#### Problem details
From the line that contains "Garth Brooks (1999)" down to the last line of the entries, repeat every line exactly. Do not carry over the pictures.

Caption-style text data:

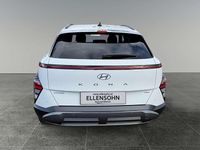 gebraucht Hyundai Kona (SX2) GO Plus 1.6 T-GDI 4WD DCT k6bu3-OP6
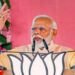 केजरीवाल के पानी वाले आरोपों पर भड़के PM Modi, कहा- दिल्ली के लोगों के साथ हो रहा अन्याय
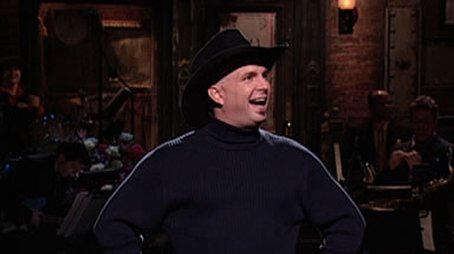 Garth Brooks (1999) - Episode 5 poster and promotional image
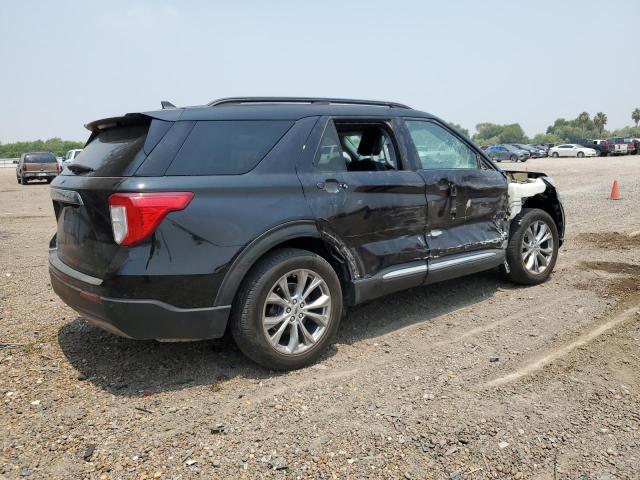 Photo 2 VIN: 1FMSK7DH5NGA34909 - FORD EXPLORER 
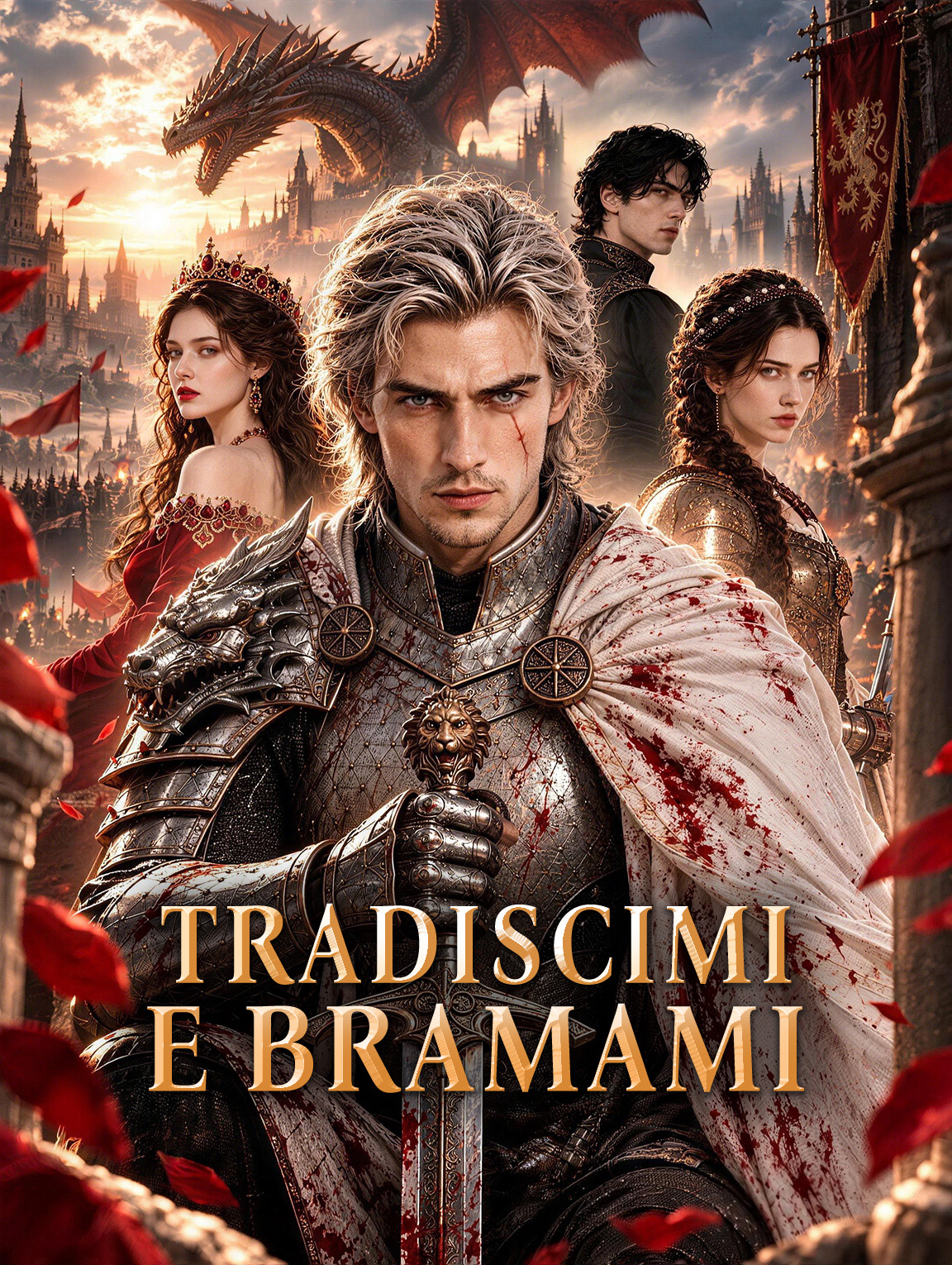 Tradiscimi e Bramami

#### Exercise response
 Garth Brooks (1999) - Episode 5 poster and promotional image
 Photo 2 VIN: 1FMSK7DH5NGA34909 - FORD EXPLORER 
 Tradiscimi e Bramami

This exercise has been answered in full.